Monogamy is a short book by the English psychotherapist Adam Phillips. It contains 121 extremely brief chapters on what Phillips calls “the only serious philosophical question” for some of us (the fortunate or affluent). Phillips is given to exaggeration and paradox, but that’s o.k.
Below are some of his observations on being monogamous, with occasionally flippant responses:
(39) “If you’ve got nothing to hide, you’ve got nowhere to go. Which is one of the reasons why couples sometimes want to be totally honest with each other.” Because they have nowhere else to go or don’t want anywhere else to go?
(62) “It is no more possible to work at a relationship than it is to will an erection or arrange to have a dream.” Yet doing something on purpose, like smiling, can sometimes make us happier.
(69) “There is always someone else who would love me more, understand me better, make me feel more sexually alive. This is the best justification we have for monogamy — and infidelity.” Since there will always be someone better, you might as well stop searching. Or not.
(75) “From the child’s point of view, the mother is — as the father will soon be — a model of promiscuity. She has a thousand things to do. She knows other people.” Yes, she was quite a disappointment that way!
(98) “If we don’t choose monogamy, our fate will be isolation or the chaos of impersonality.” Dying alone can be bad, even worse than the dying itself.

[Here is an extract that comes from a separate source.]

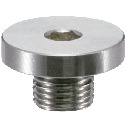 Hexagon Socket Flange Head Screw Plugs with O-rings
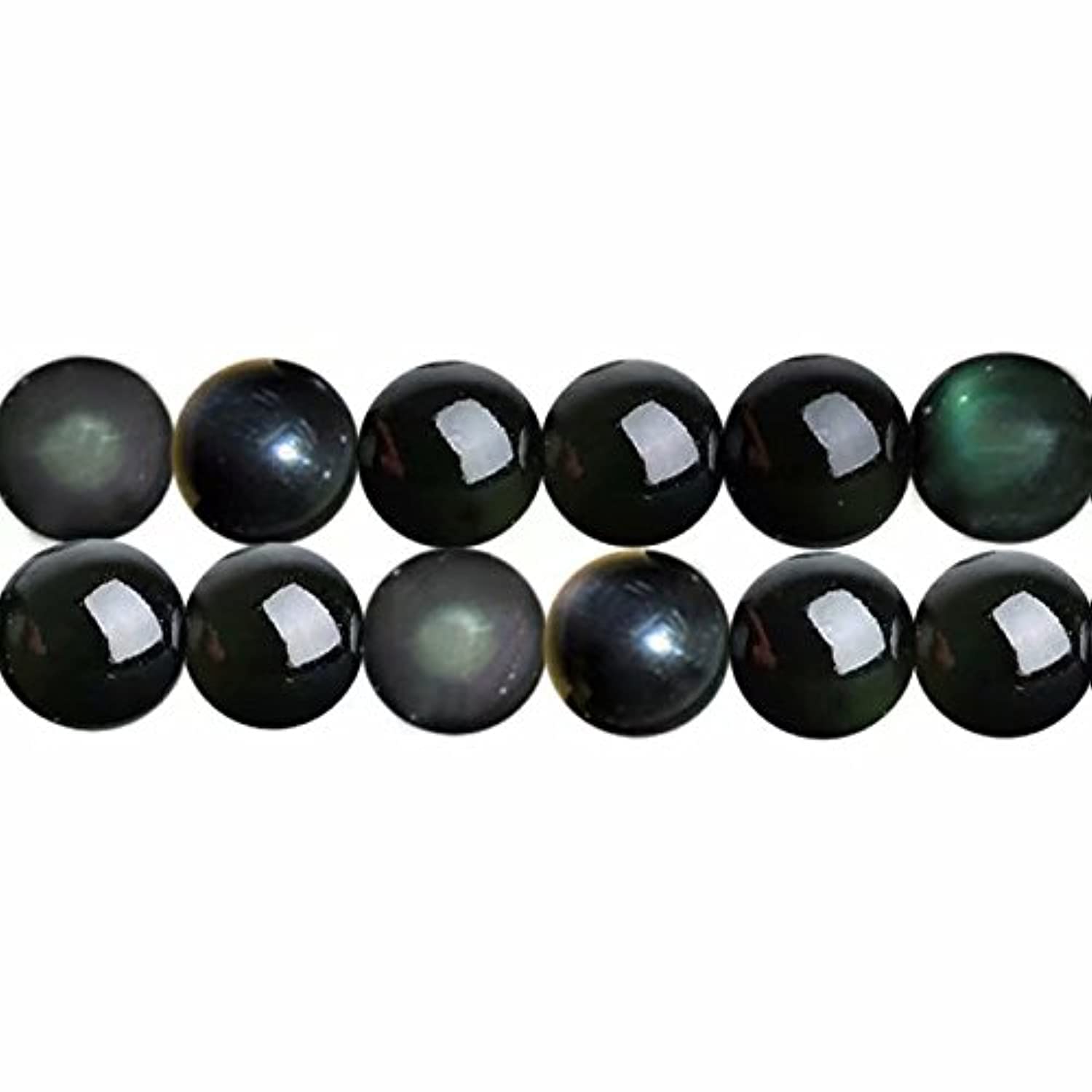 Natural Semi-Precious Stones Beads for Threading 38 cm String Round 4 6 8 10 12 mm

(111) “Familiarity may increase our affection, our respect, even our time for other people, but it rarely increases our desire for them.” As the song says, how can I miss you if you won’t go away?
(115) “One way of loving people is to acknowledge that they have desires which exclude us; that it is possible to love and desire more than one person at the same time. Everyone knows that this is true, and yet we don’t want the people we love to start believing it about themselves”. It might be possible, but not everyone believes it is.